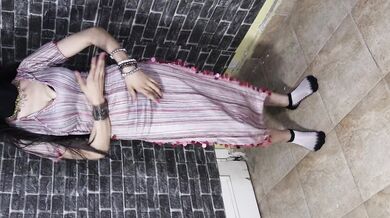 انا لورا المتناكة اسمعو الفيديو وتابعونى لو عايزين تشوفو باقى الفيديو ان وبتناك فى كسى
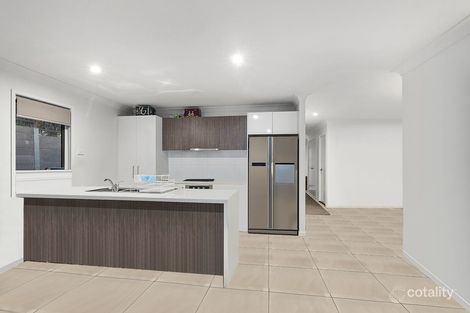 Property photo of 24 Orpheus Crescent South Ripley QLD 4306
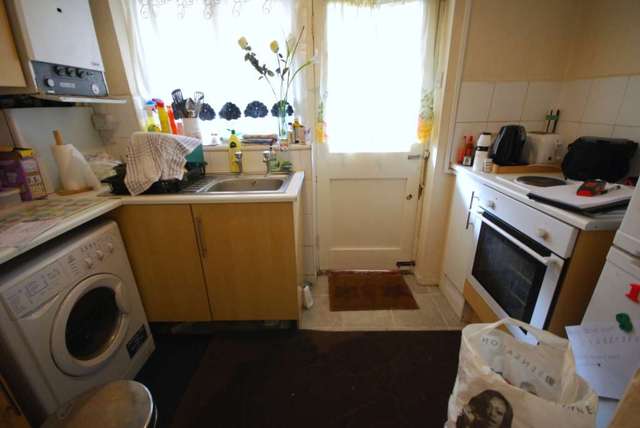  Image of 2 bedroom Flat for sale in Forest Road London E17 at Howard Mansions Walthamstow London, E17 4NA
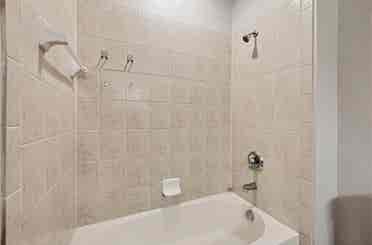 Roomates wanted Shared Condominium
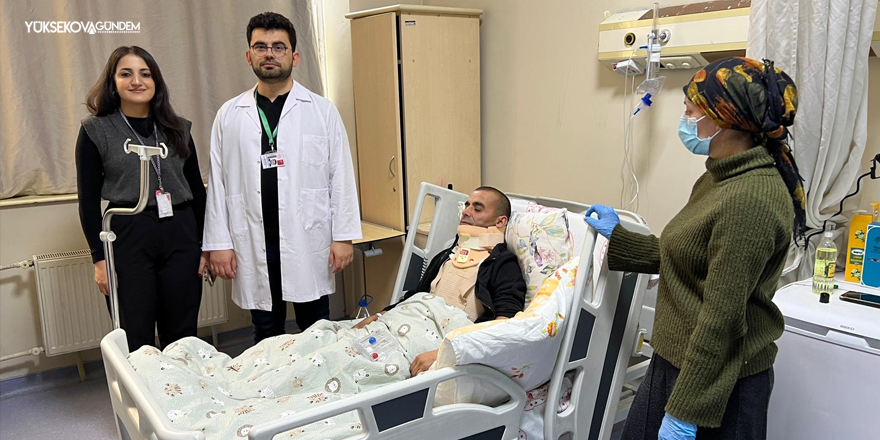 Yüksekova Devlet Hastanesi’nde İlk Kez Yüksek Riskli Boyun Kırığı Ameliyatı Yapıldı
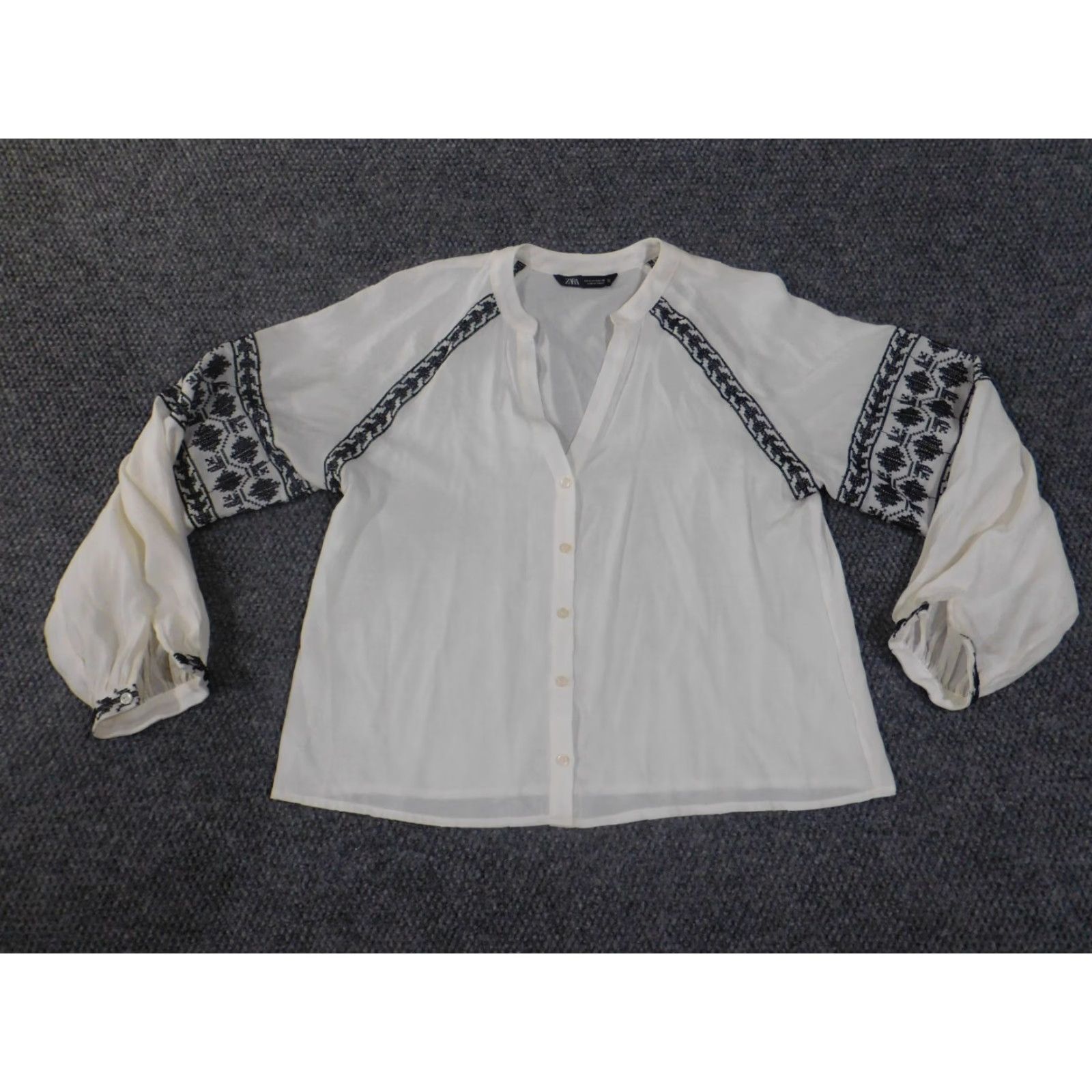 Zara Zara Womens Button-Up Shirt V-Neck Geometric White Small Casual Long Sleeve Regular Fit Stretch Knit Viscose Basic Summer Winter Womens Size S / US 4 / IT 40 - 4 Thumbnail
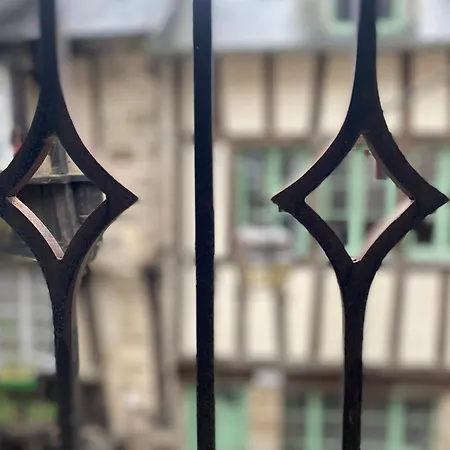 Les Volets Blancs Casa de Férias *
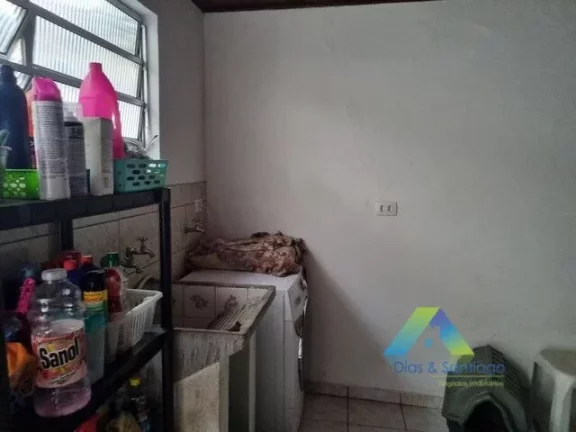 Imagem SANTO ANDRÉ Sobrado 240M², 2 dormitórios, churrasqueira, 5 vagas de garagem, ótima localização e valor !!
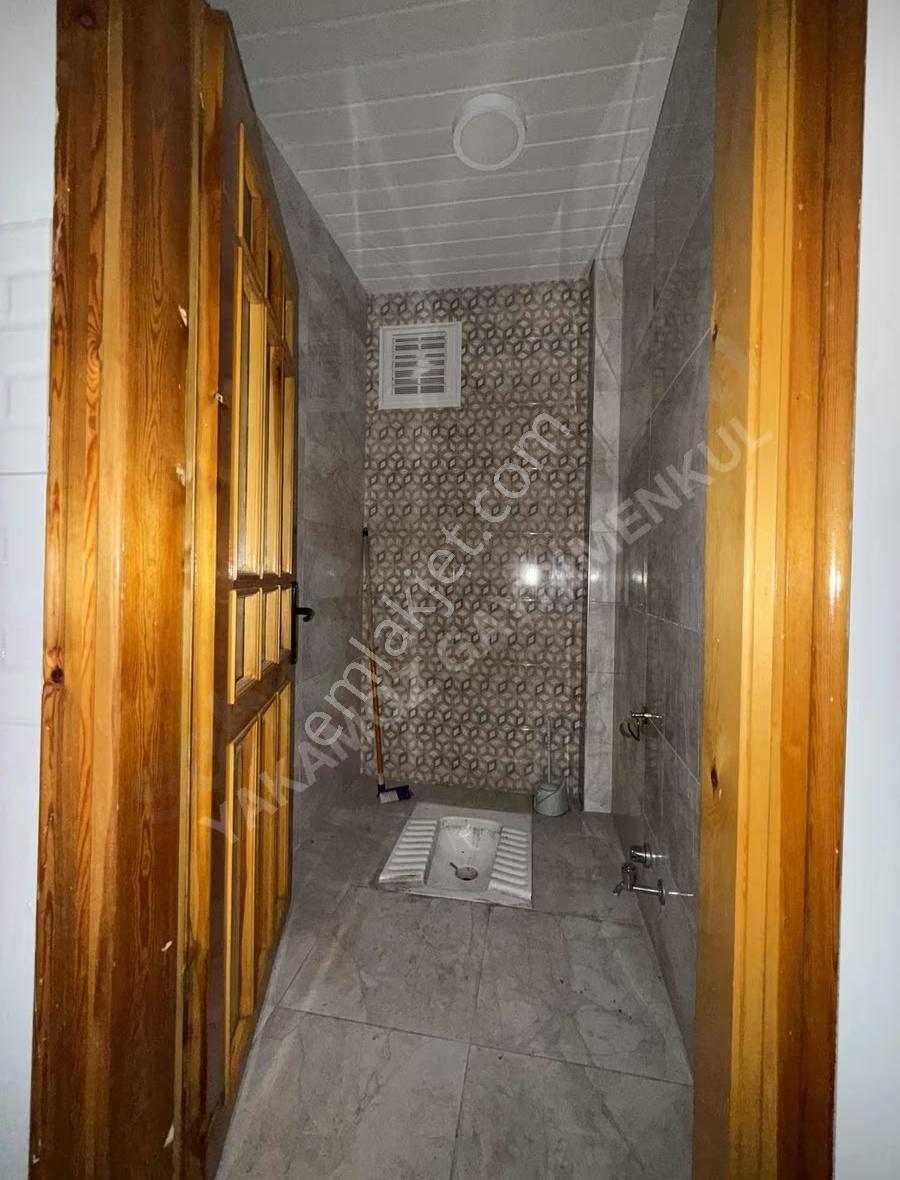 Yakamoz Gayrimenkulden Etem Tarıkahya İş Merkezinde Kiralık Ofis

##########

_What to do:_
Set down exactly, line for line, the data from the line that contains "Property photo of" through its last line, keeping pictures out.

_Written reply:_
 Property photo of 24 Orpheus Crescent South Ripley QLD 4306
  Image of 2 bedroom Flat for sale in Forest Road London E17 at Howard Mansions Walthamstow London, E17 4NA
 Roomates wanted Shared Condominium
 Yüksekova Devlet Hastanesi’nde İlk Kez Yüksek Riskli Boyun Kırığı Ameliyatı Yapıldı
 Zara Zara Womens Button-Up Shirt V-Neck Geometric White Small Casual Long Sleeve Regular Fit Stretch Knit Viscose Basic Summer Winter Womens Size S / US 4 / IT 40 - 4 Thumbnail
 Les Volets Blancs Casa de Férias *
 Imagem SANTO ANDRÉ Sobrado 240M², 2 dormitórios, churrasqueira, 5 vagas de garagem, ótima localização e valor !!
 Yakamoz Gayrimenkulden Etem Tarıkahya İş Merkezinde Kiralık Ofis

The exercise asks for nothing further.